The Liggett settlement, which was negotiated over the past several months with the 22 attorneys general and does not require court approval, includes the states of Arizona, Connecticut, Hawaii, Illinois, Iowa, Kansas, Maryland, Michigan, Minnesota, New Jersey, New York, Ohio, Oklahoma, Texas, Utah, Washington and Wisconsin.
The deal expands upon Liggett's previously announced agreement with Florida, Louisiana, Massachusetts, Mississippi and West Virginia. That deal, reached last year, provided for the company to pay these five states $1-million immediately, $440,000 a year over the next nine years, and 2.5 percent of annual pretax income over the next quarter-century.
Rep. Henry Waxman of California said he was gratified by Liggett's admission and it proved that top industry executives lied before his subcommittee three years ago.

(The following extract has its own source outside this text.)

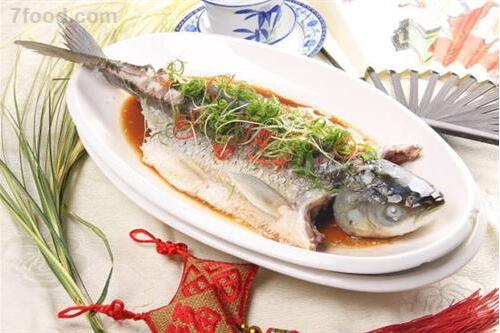 吃魚眼明目、吃魚頭補腦?營養師告訴你真相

The Justice Department has been investigating whether the tobacco executives committed perjury. Federal prosecutors said they would examine the documents as possible evidence of fraud and false statements to Congress.
Some state officials at Thursday's news conference likened Liggett's action to a low-level drug dealer's pleading to lesser charges in exchange for testimony against major traffickers.
"We got the least important culprit to turn state's evidence and give testimony against the really bad guys," said Michigan Attorney General Frank Kelley. "If by giving Liggett some concessions we can obtain incriminating documents, it will aid us immeasurably in the lawsuits we are going to be trying."
_ Times staff writer Lucy Morgan contributed to this report.